Here is a very cheap benchmark that is running one time step of an n-body simulation. This is the code: https://github.com/trixi-framework/PointNeighbors.jl/blob/main/benchmarks/n_body.jl#L24-L33

This is on an AMD Ryzen Threadripper 3990X using 128 threads:

This is a minimum speedup of 1.6x and a speedup of 4.5x for the largest problem size.

Here is a real-life benchmark, running one particle interaction loop of the Weakly Compressible SPH method:

This is a speedup of 2x for most problem sizes.

lmiq commented 2 months ago

I´ve experimented with Polyerster a few times and, indeed, if the mapped loop is tight it is faster. However, I have the understanding that Polyester does not compose well if the function is called from within another threaded code. I think it will just fill the threads and compete for the resources. That's why I never stick with it.

Concerning the benchmark: is that using CellListMap? That was not clear to me.

One thing is that the way the inner loop of the map_pairwise CellListMap is implemented, which is very general for type of function being provided by the user, can certainly no be optimal in most specific cases. I have thought previously of exposing the inner loop as part of the interface, so the user could implement at will, possiblly taking advantage of vectorization if the function being mapped allows so. But for my applications that was not a priority, so it stayed as it is.

efaulhaber commented 2 months ago

Concerning the benchmark: is that using CellListMap? That was not clear to me.

Yes, foreach_point_neighbor in the code I linked above just forwards to map_pairwise! in this case.

lmiq commented 2 months ago

Now that I think, probably what @batch is doing there is adding @inbounds, @fastmath. I don't think that performance difference is associated to the threading per se.

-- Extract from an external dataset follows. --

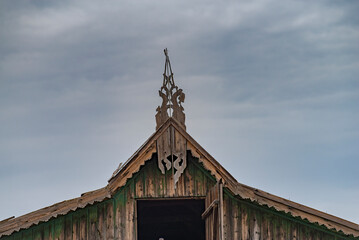 Top ridge, siding and gable beautiful carved platbands on the roof of a wooden house rustic old sky.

efaulhaber commented 2 months ago

But wouldn't we see a similar speedup on a single thread then? main:

CellListMap.jl
with 10x10x10 = 1000 particles finished in 1.900 ms

CellListMap.jl
with 16x16x16 = 4096 particles finished in 9.661 ms

CellListMap.jl
with 25x25x25 = 15625 particles finished in 41.616 ms

CellListMap.jl
with 40x40x40 = 64000 particles finished in 184.198 ms

CellListMap.jl
with 63x63x63 = 250047 particles finished in 757.062 ms

CellListMap.jl
with 101x101x101 = 1030301 particles finished in 3.271 s

CellListMap.jl
with 160x160x160 = 4096000 particles finished in 13.483 s

Polyester.jl:

CellListMap.jl
with 10x10x10 = 1000 particles finished in 1.894 ms

CellListMap.jl
with 16x16x16 = 4096 particles finished in 9.653 ms

CellListMap.jl
with 25x25x25 = 15625 particles finished in 41.475 ms

CellListMap.jl
with 40x40x40 = 64000 particles finished in 183.926 ms

CellListMap.jl
with 63x63x63 = 250047 particles finished in 754.712 ms

CellListMap.jl
with 101x101x101 = 1030301 particles finished in 3.264 s

CellListMap.jl
with 160x160x160 = 4096000 particles finished in 13.458 s

lmiq commented 2 months ago

I don´t see the difference in performance you report here, really. For example, I´m running the examples of this page: https://m3g.github.io/CellListMap.jl/stable/LowLevel/#Histogram-of-distances

The forces example, which is probably the most similar to what you are computing in your tests, results in:

Current stable CellListMap 0.9.4:

julia> @btime map_pairwise!(
           $((x,y,i,j,d2,forces) -> calc_forces!(x,y,i,j,d2,mass,forces)),
           $forces,$box,$cl
       );
  34.576 ms (76 allocations: 13.74 MiB)

and with your PR:

julia> @btime map_pairwise!(
           $((x,y,i,j,d2,forces) -> calc_forces!(x,y,i,j,d2,mass,forces)),
           $forces,$box,$cl
       );
  34.173 ms (82 allocations: 13.75 MiB)

In other examples there might be a slight improvement in perfomance with @batch, but very minor. Maybe this is very dependent on the CPUs used?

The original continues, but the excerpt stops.